Published on 10 April 2020
In a previous blog I cited, as fellow travellers of the anti-cash lobby, national or international authorities charged with enabling the meeting of UN Development Goals, and accepting that the way these will be met is through Fintech, rather than on the back of cash.
A prime example of such a national organisation is the UK’s DfID or the Department for International Development.
DfID bought off in mid-2017 that problems around timing and cost of migrant remittances to Africa out of the UK would be solved, as regards meeting UN Development Goals, by emerging IT applications and services, and they were encouraged in this belief by one or more “consultants”.
These were presented like this:
Compare and contrast a work by Jackson Pollock, where paint is simply flung at the canvas:
The upshot of the consultants’ advice was that the market would sort everything out and – importantly – DfID need take no action to enable that, let alone actually direct or shape any action. These findings were presented as follows:
This was a prime example of a “consultant” telling their client what they wanted to hear, rather than what was true. The devastating results of that will become clear in the coming weeks.
Last week DfID approached me, in my capacity as chair of the Association of UK Payment Institutions, with the legend that migrant remittances would now decisively towards online and digital because of COVID-19, and because of the health scare story about using cash. I said I disagreed – cash usage had obviously dropped off because agents and branches were closed, people were constrained from going out, and because the immediate ones to suffer economically were the people at the bottom of the income tree whose work was unreliable and who were more likely to be paid in cash.
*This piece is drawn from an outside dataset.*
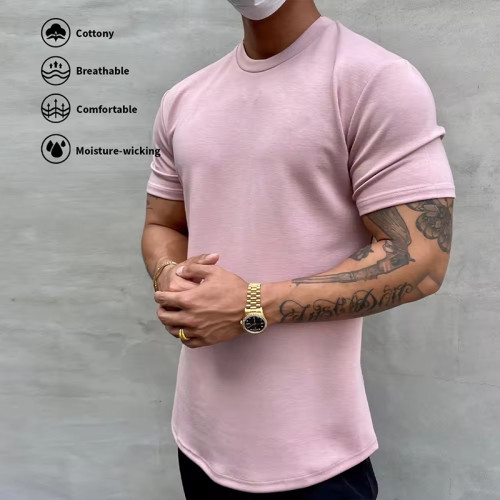 Custom Men's Sports T Shirt Manufacturer | Cotton Elastane Slim Fit Mens Gym T Shirt Mens Bodybuilding Muscle T Shirt Scoop Hem Tshirt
DfID were obviously fishing, both for confirmation that they had not been wrong in accepting the consultants’ advice in 2017 and building their subsequent programme of (in)action around it, and for assurance that they need do nothing in particular now, noting that doing nothing in particular is what these bodies appear to do very well (like the House of Peers in Gilbert & Sullivan’s “Iolanthe”).
In reality cash still plays an important role, but that is a message that goes against the flow of the current, and has been submerged by the messaging of the anti-cash lobby, and because they all agree with one another they must be right, mustn’t they?
Unless and until there is a pressing and unforeseen event like COVID-19, where the need for migrant remittances could soon skyrocket, but where the means to achieve them have been badly damaged by the anti-cash lobby.
So far the anti-cash lobby has managed to turn COVID-19 to its advantage in the blogosphere, but down in the biosphere of Planet Earth things are rather different. Remittances has remained a cash-based business thanks to the requirements of the remitters.
Now remittance volumes have dropped off a cliff. Remitters cannot access service now that branches and agencies are closed. The move-over to digital is not something that can be achieved from one day to the next. Countries that are dependent upon migrant remittances in order to pay for imports of basic commodities are badly exposed. These are some of the real-world contributions to the COVID-19 crisis of the anti-cash lobby.